- Dates: May 14–29, 2011
- Teams: 16
- Finals site: Kenneth P. LaValle Stadium Stony Brook, NY
- Champions: Northwestern (6th title)
- Runner-up: Maryland (16th title game)
- MOP: Shannon Smith, Northwestern
- Attendance: 19,319 finals

= 2011 NCAA Division I women's lacrosse tournament =

The 2011 NCAA Division I Women's Lacrosse Championship was the 30th annual single-elimination tournament to determine the national champion of Division I NCAA women's college lacrosse. The first two rounds of the tournament were played at the home fields of higher-seeded teams from May 14–21, and the semifinal and championship rounds were played at Kenneth P. LaValle Stadium in Stony Brook, New York from May 27–29. All NCAA Division I women's lacrosse programs were eligible for this championship, and a total of 16 teams were invited to participate.

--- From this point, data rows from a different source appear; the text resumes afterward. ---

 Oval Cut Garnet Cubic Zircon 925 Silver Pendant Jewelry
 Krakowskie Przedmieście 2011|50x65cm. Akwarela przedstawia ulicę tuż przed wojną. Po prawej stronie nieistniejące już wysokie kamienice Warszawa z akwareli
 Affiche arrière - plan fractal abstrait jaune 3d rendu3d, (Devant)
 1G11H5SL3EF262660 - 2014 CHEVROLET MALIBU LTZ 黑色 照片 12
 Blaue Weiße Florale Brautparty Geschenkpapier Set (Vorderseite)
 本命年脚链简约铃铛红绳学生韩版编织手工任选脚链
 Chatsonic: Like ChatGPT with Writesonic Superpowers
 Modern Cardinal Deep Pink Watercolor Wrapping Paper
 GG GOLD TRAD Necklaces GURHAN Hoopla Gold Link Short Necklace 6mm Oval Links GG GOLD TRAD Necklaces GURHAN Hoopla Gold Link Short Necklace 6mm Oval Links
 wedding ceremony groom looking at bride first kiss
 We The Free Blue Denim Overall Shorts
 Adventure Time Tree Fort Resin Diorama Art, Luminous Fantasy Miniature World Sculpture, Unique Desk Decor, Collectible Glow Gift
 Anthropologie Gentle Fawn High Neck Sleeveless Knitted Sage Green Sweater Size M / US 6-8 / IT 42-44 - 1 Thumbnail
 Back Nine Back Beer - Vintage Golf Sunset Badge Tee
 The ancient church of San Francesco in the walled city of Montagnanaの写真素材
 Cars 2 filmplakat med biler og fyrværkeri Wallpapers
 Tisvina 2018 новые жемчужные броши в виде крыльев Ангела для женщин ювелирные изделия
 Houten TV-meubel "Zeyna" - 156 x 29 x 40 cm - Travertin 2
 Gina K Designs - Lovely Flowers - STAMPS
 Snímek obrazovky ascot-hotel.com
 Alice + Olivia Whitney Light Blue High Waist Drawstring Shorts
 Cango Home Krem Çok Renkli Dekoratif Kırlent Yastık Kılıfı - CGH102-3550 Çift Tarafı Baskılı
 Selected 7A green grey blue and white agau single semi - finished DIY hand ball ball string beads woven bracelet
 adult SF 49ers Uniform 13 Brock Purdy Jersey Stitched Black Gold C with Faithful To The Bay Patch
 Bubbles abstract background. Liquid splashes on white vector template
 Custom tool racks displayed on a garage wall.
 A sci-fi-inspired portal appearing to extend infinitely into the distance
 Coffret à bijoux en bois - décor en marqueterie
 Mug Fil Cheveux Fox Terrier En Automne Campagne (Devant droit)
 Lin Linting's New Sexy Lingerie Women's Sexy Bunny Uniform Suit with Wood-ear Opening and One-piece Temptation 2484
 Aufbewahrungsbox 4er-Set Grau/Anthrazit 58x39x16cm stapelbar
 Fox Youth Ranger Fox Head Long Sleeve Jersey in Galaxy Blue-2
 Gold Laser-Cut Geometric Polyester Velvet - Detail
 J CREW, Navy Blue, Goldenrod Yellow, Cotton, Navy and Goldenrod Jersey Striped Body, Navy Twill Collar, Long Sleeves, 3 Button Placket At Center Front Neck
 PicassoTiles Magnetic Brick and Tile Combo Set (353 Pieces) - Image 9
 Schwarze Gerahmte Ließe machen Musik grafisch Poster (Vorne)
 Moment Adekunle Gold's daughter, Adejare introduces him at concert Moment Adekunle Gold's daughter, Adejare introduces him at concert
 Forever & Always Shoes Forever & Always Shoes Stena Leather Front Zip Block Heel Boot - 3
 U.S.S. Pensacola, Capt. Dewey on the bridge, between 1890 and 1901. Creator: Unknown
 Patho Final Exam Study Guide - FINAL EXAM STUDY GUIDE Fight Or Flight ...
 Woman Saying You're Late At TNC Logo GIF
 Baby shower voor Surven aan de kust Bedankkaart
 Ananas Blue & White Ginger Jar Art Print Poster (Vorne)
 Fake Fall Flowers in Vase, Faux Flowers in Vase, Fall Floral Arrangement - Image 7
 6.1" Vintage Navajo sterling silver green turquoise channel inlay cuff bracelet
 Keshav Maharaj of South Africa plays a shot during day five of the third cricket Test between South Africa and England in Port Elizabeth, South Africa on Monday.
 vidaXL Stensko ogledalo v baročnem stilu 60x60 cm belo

Northwestern defeated Maryland, 8–7, to win their sixth national championship, and first since 2009. This would subsequently become the sixth of Northwestern's seven national titles in eight years (2005–2009, 2011–12) as well as the seventh of the Wildcats' eight consecutive appearances in the championship game (2005–12). This was also a rematch of the previous year's final, won by Maryland.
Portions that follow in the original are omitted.